(TASK): Each line of the data below between the one containing "Productafbeelding van Eetkamerstoelen, set" and the one containing "spare room featuring", both included, is to be repeated exactly. Please omit pictures.

(STUDY MATERIAL):
"""
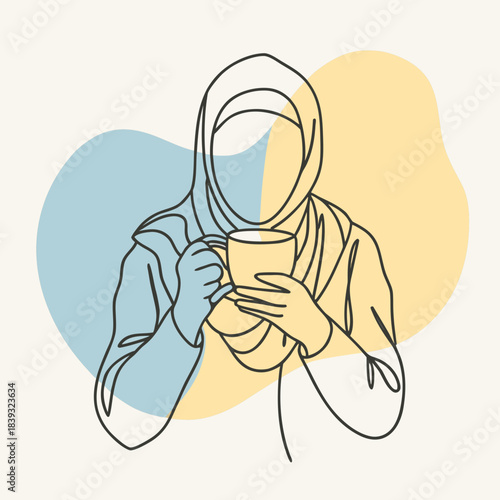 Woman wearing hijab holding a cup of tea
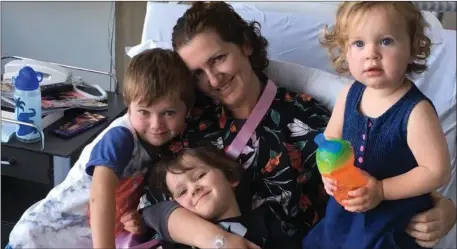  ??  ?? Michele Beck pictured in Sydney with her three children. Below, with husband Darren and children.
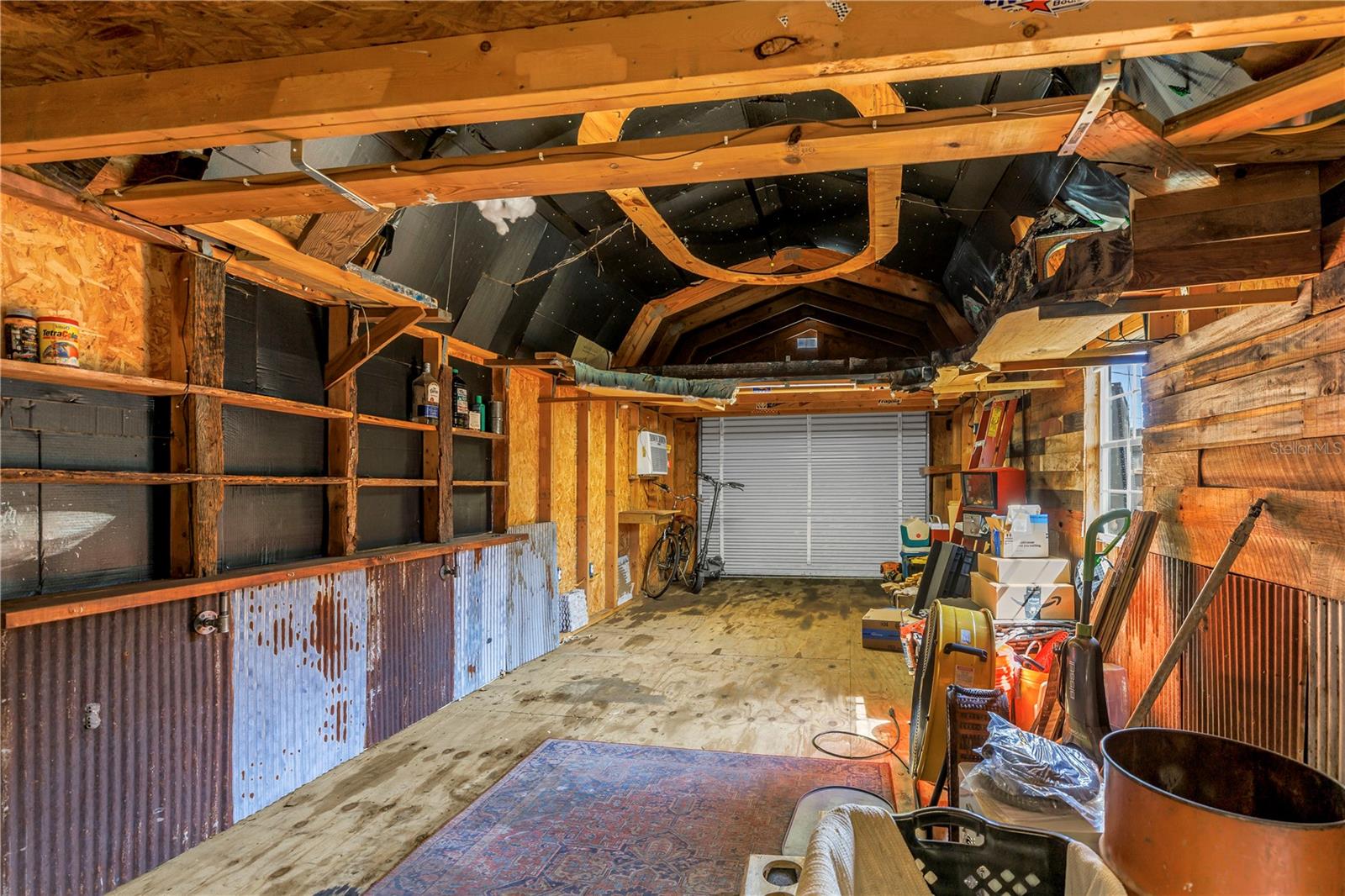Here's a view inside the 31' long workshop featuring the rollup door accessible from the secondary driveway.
"""
"""
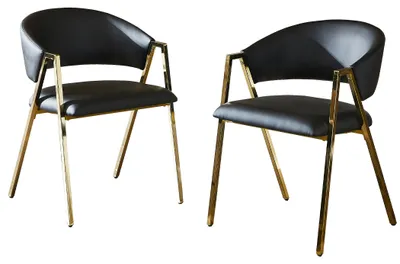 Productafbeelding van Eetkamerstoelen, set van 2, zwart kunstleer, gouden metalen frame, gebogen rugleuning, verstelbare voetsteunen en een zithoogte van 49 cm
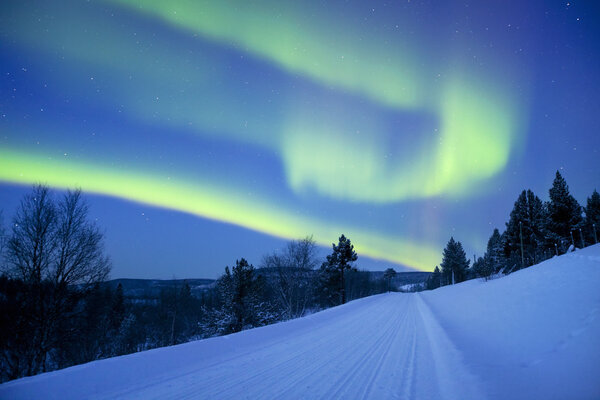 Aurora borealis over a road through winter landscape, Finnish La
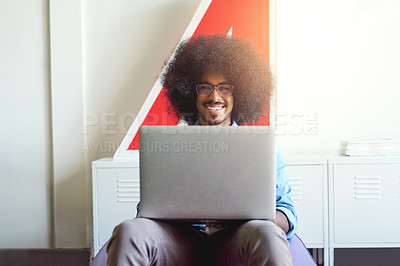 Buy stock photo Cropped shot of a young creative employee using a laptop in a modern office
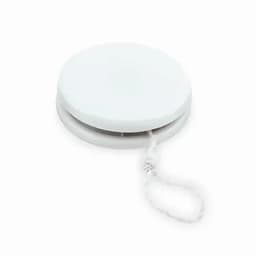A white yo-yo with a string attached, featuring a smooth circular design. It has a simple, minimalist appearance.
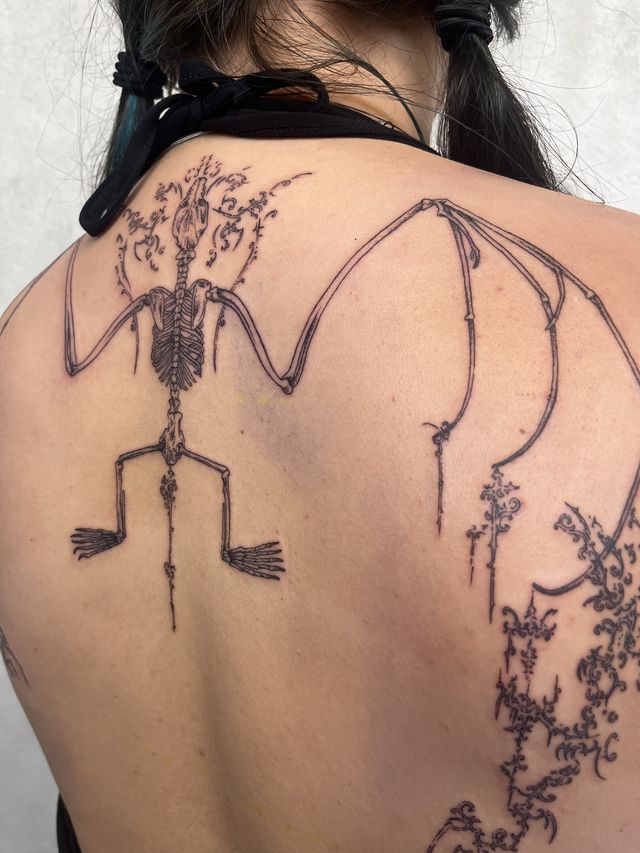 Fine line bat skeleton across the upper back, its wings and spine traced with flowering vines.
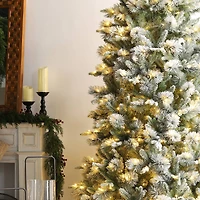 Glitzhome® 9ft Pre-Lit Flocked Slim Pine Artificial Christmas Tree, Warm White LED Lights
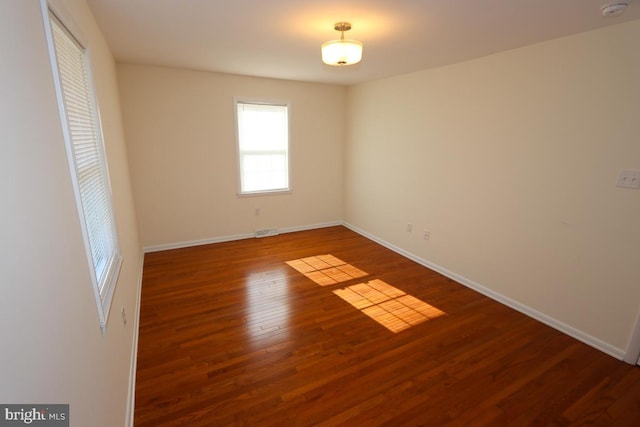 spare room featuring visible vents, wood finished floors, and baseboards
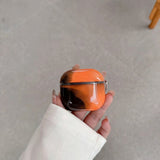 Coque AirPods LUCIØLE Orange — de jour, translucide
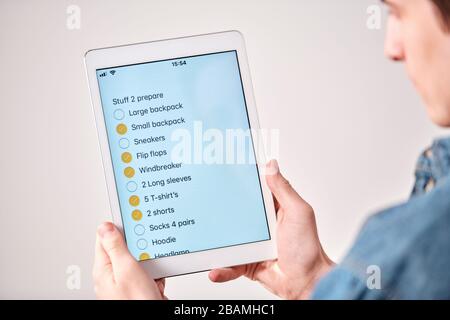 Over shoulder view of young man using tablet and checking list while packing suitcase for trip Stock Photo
"""
"""
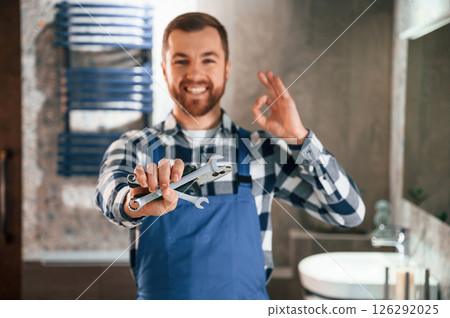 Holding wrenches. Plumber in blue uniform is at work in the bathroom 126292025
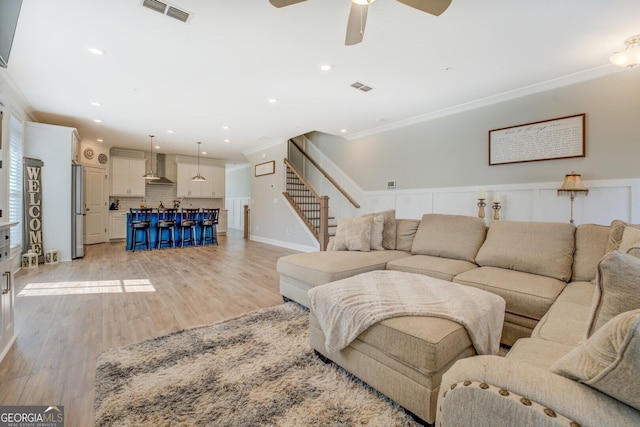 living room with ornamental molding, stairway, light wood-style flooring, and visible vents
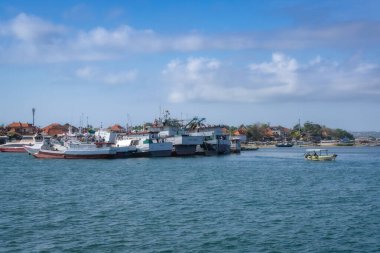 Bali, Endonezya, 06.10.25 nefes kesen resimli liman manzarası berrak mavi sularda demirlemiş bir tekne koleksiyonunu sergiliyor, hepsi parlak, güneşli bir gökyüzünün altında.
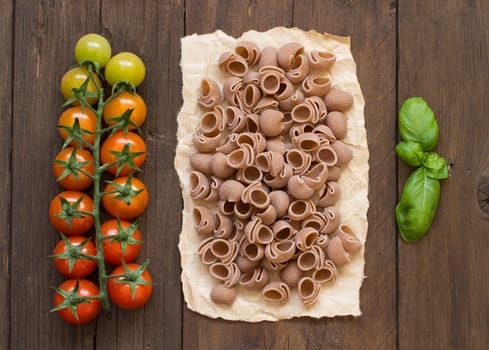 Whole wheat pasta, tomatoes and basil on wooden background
"""
(ANSWER AREA):
 Productafbeelding van Eetkamerstoelen, set van 2, zwart kunstleer, gouden metalen frame, gebogen rugleuning, verstelbare voetsteunen en een zithoogte van 49 cm
 Aurora borealis over a road through winter landscape, Finnish La
 Buy stock photo Cropped shot of a young creative employee using a laptop in a modern office
A white yo-yo with a string attached, featuring a smooth circular design. It has a simple, minimalist appearance.
 Fine line bat skeleton across the upper back, its wings and spine traced with flowering vines.
 Glitzhome® 9ft Pre-Lit Flocked Slim Pine Artificial Christmas Tree, Warm White LED Lights
 spare room featuring visible vents, wood finished floors, and baseboards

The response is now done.